* SUPPLIED MATERIAL:

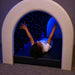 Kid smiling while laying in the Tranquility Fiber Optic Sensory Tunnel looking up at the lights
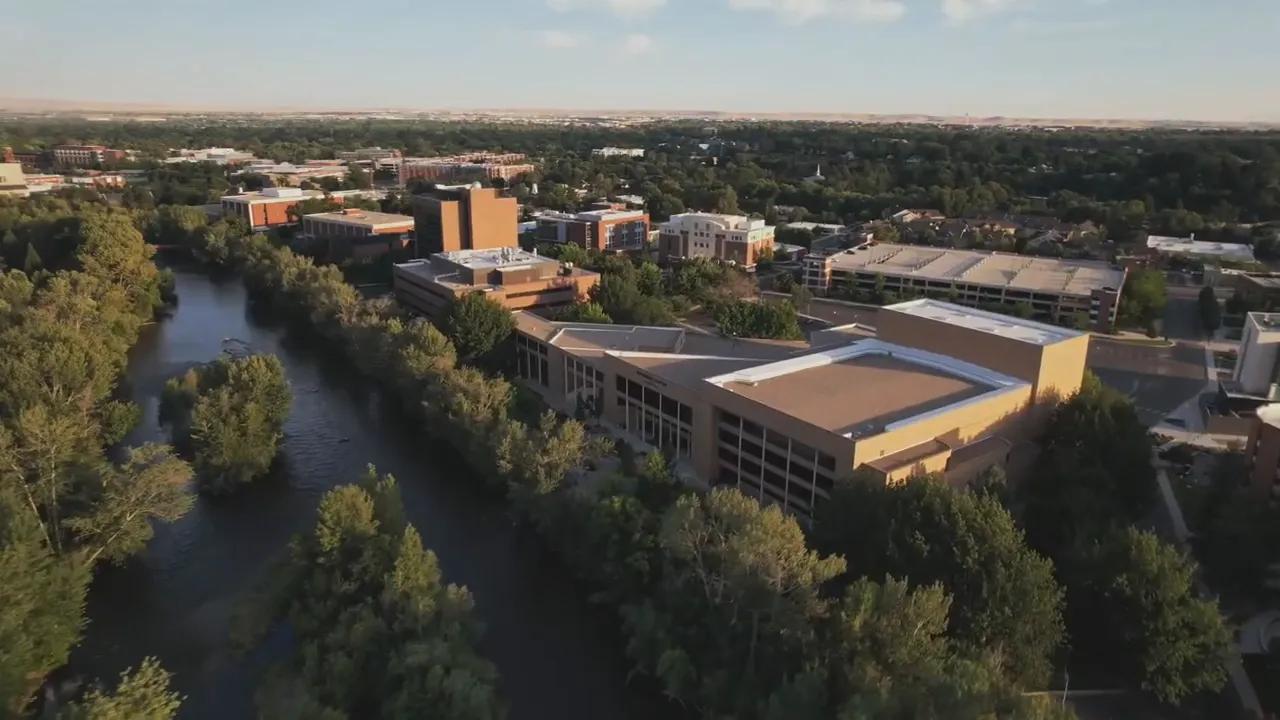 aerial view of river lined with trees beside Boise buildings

==

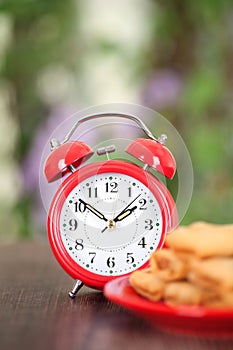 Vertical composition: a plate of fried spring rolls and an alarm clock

* EXERCISE OBJECTIVE: Would you restate, exactly and with no pictures, the lines of the entries above from the one containing "Kid smiling while" through the one containing "aerial view of"?

* YOUR SOLUTION:
 Kid smiling while laying in the Tranquility Fiber Optic Sensory Tunnel looking up at the lights
 aerial view of river lined with trees beside Boise buildings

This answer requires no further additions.